What you will do – Print the whole listing again exactly, keeping no pictures in it.

Data shown –
———

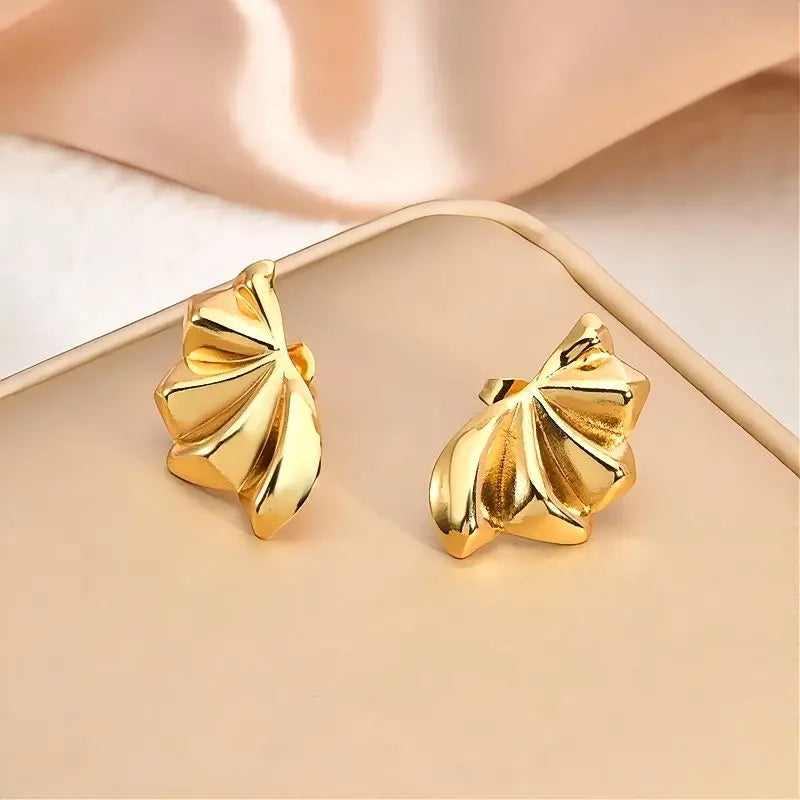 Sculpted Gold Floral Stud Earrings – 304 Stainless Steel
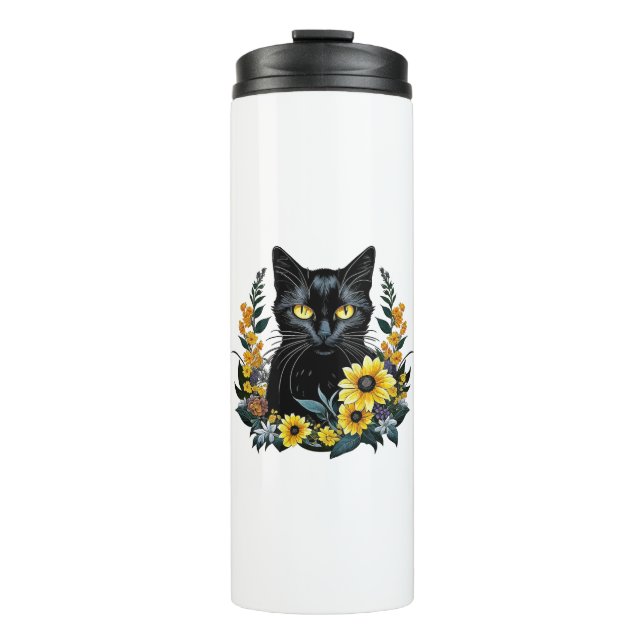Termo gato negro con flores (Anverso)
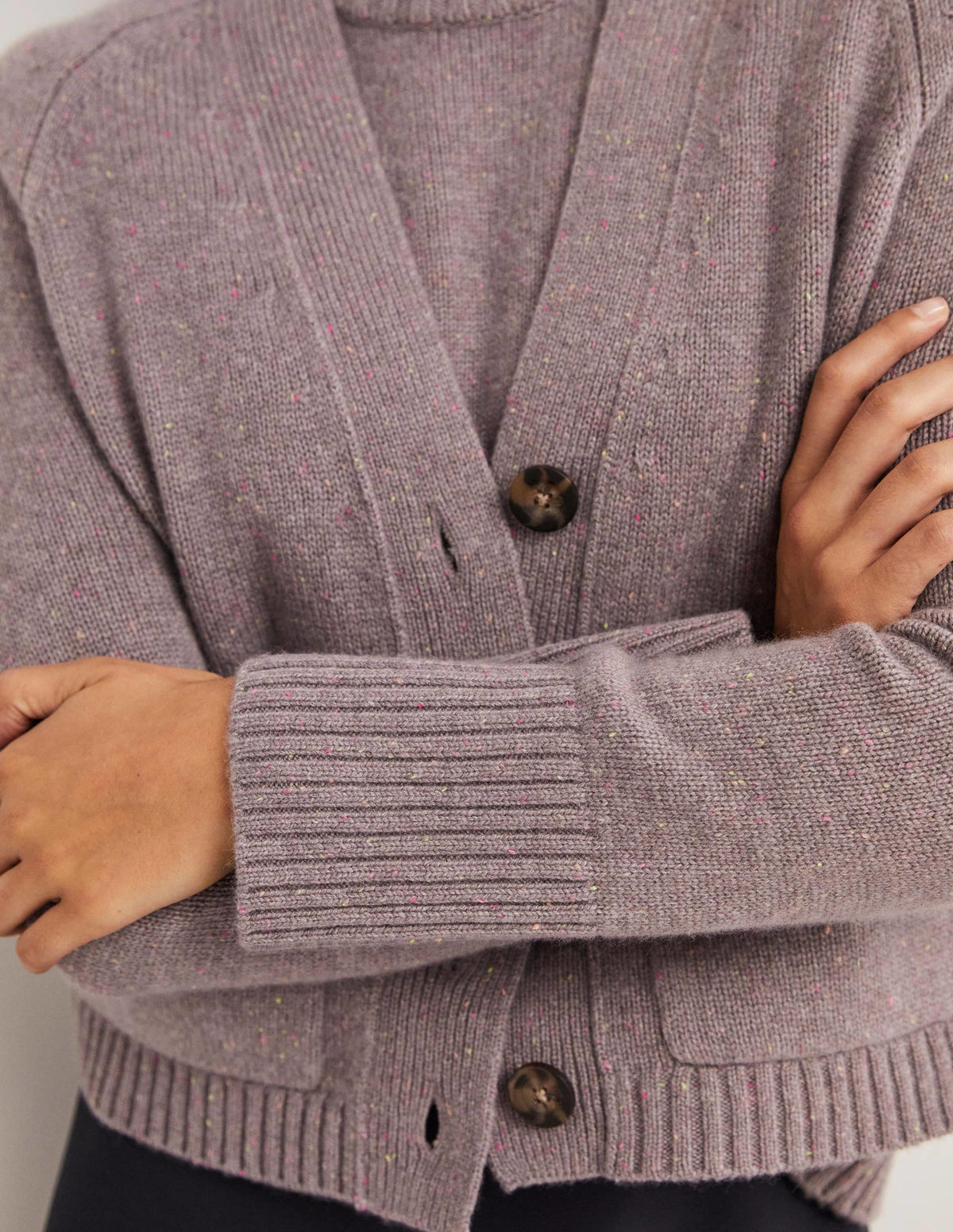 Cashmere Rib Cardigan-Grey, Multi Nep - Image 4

———

Answer space –
 Sculpted Gold Floral Stud Earrings – 304 Stainless Steel
Termo gato negro con flores (Anverso)
 Cashmere Rib Cardigan-Grey, Multi Nep - Image 4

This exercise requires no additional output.